There is absolutely nothing magic about ceramic bearings, including what lube you choose to use. Any grease will work just fine. For minimum rolling resistance, lighter weight greases are better. For riding in the rain, fully waterproof greases are better (stay away from lithium grease). Otherwise you can get quality grease in quantity at any automotive supply store for far less $$ than "bicycle grease."


----------



## Retro Grouch (Apr 30, 2002)

I use Pedro's Syn Grease for my bike grease needs from wheel bearings to lubing my Speedplay pedals.


----------



## rx-79g (Sep 14, 2010)

Finish Line makes a high end grease for ceramics and such. I don't know why anyone would get on the ceramic bandwagon and then slather them in sticky, high viscosity car grease.


----------



## Mel Erickson (Feb 3, 2004)

rx-79g said:


> Finish Line makes a high end grease for ceramics and such. I don't know why anyone would get on the ceramic bandwagon.


FIFY....


----------



## Waxbytes (Sep 22, 2004)

I though ceramic bearings were frictionless and therefore didn't need grease?


----------



## tihsepa (Nov 27, 2008)

I dont run ceramics and also would never try to blame being slow on grease. There are other reasons. If someone used that line I would laugh them off their bike. "My grease made me slow. WTF?


----------



## rx-79g (Sep 14, 2010)

tihsepa said:


> I dont run ceramics and also would never try to blame being slow on grease. There are other reasons. If someone used that line I would laugh them off their bike. "My grease made me slow. WTF?


Would you accept the 28 vs. 24 spoke excuse, or the Ultegra vs. DA excuse. How about the steel vs. carbon excuse?


I don't buy into the ceramic bearing stuff, either. But I'm not going to make fun of those who do in a community of people who use $2000 wheels for club rides. We all have our techy weaknesses, so I'd suggest everyone backs down lest your "I can't ride a non-Ultrashift bike" attitude gets similarly pee'd upon.

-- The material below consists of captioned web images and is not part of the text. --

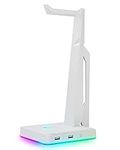 IFYOO RGB Gaming Headset Stand with 2 USB Ports, Game Headphone Mount for PC, Xbox One, PS4, Switch, Earphone Holder Hanger, Great for Gaming Stations, Fancy Desk Gamer Accessories, White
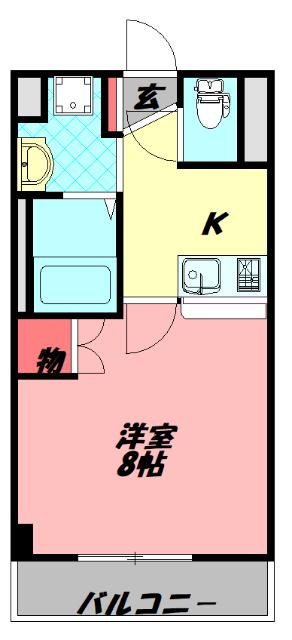 サンフレンドユーⅠ(1K/2階)の間取り写真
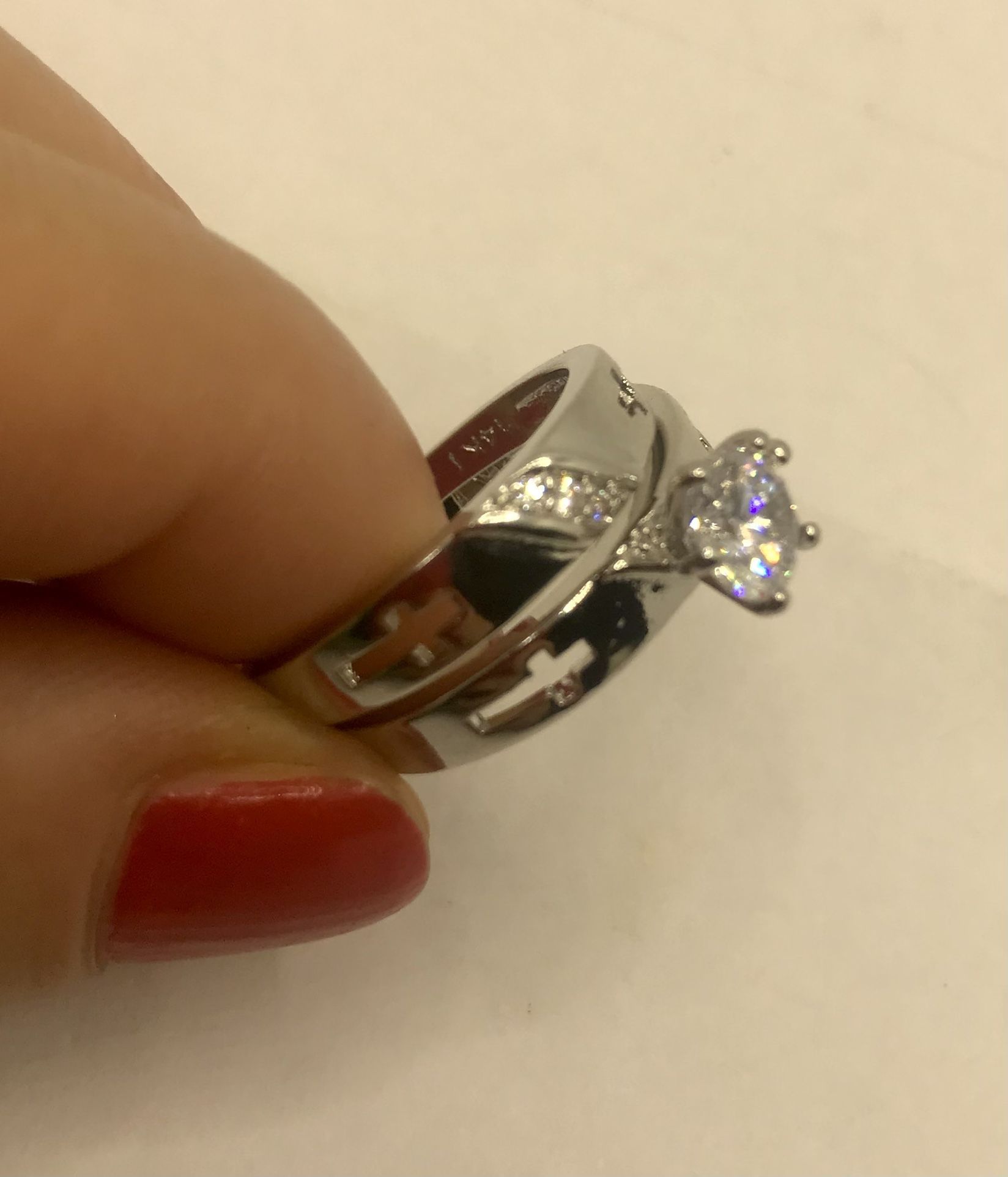 Cross Engraved Wedding/engagement Ring Size 7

The guy riding the 14 speed steel Miyata gets to poke fun. Everyone else is a sinner.


----------



## Mel Erickson (Feb 3, 2004)

rx-79g said:


> Would you accept the 28 vs. 24 spoke excuse, or the Ultegra vs. DA excuse. How about the steel vs. carbon excuse?
> 
> 
> I don't buy into the ceramic bearing stuff, either. But I'm not going to make fun of those who do in a community of people who use $2000 wheels for club rides. We all have our techy weaknesses, so I'd suggest everyone backs down lest your "I can't ride a non-Ultrashift bike" attitude gets similarly pee'd upon.
> ...


Not really. It's still ok to make fun of folks who do it for "performance" reasons rather than really admit they've got a sickness, just like the rest of us.


----------



## rx-79g (Sep 14, 2010)

Mel Erickson said:


> Not really. It's still ok to make fun of folks who do it for "performance" reasons rather than really admit they've got a sickness, just like the rest of us.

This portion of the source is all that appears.